**MATERIAL SHOWN**
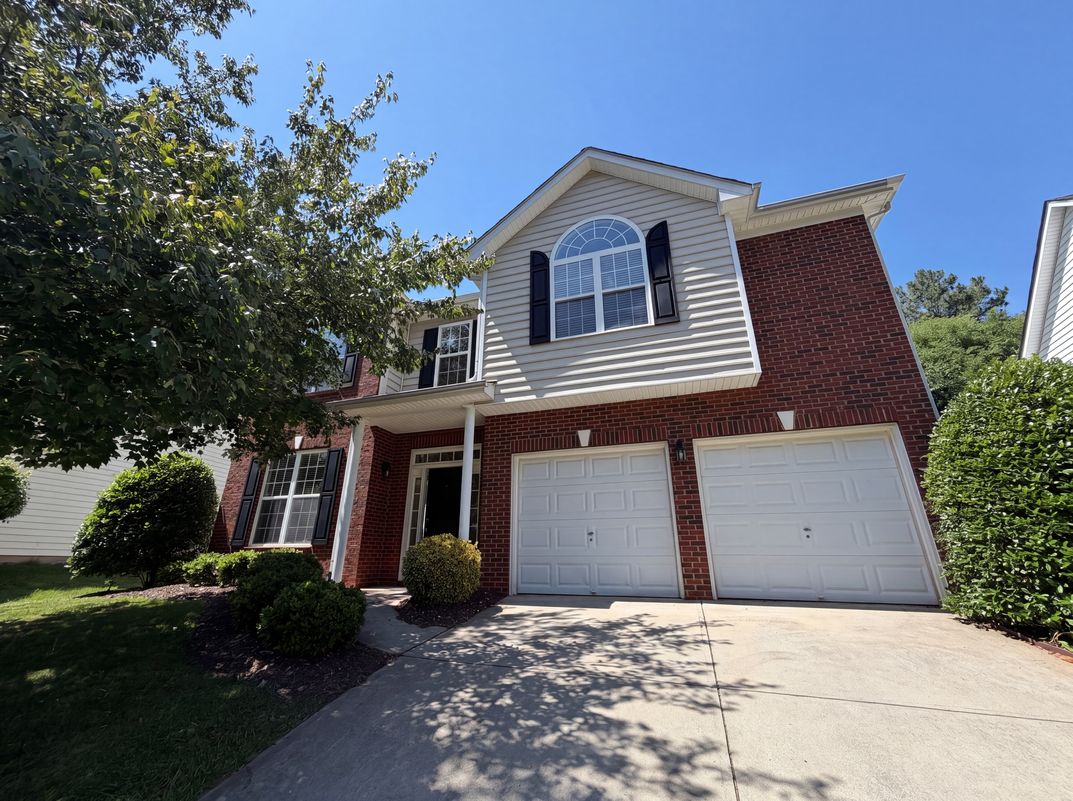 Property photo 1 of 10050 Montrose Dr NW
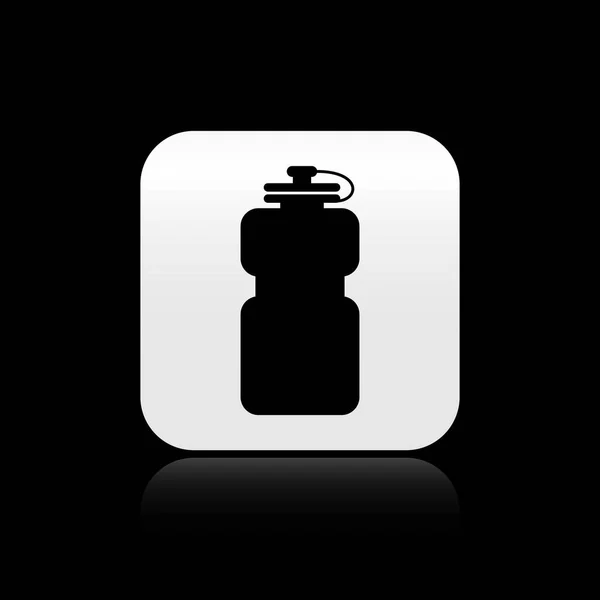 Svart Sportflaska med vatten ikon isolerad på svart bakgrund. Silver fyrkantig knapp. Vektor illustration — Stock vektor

...

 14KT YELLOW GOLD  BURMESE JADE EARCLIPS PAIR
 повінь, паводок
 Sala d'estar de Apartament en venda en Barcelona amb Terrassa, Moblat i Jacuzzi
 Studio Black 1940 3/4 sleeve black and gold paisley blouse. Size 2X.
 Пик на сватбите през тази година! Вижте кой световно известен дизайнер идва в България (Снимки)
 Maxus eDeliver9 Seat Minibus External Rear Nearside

**TASK OBJECTIVE**
Which lines run from the one holding "Sala d'estar de" through the one holding "Maxus eDeliver9 Seat" in the records above? Repeat them exactly, both included, and nothing more.

**PROBLEM SOLUTION**
 Sala d'estar de Apartament en venda en Barcelona amb Terrassa, Moblat i Jacuzzi
 Studio Black 1940 3/4 sleeve black and gold paisley blouse. Size 2X.
 Пик на сватбите през тази година! Вижте кой световно известен дизайнер идва в България (Снимки)
 Maxus eDeliver9 Seat Minibus External Rear Nearside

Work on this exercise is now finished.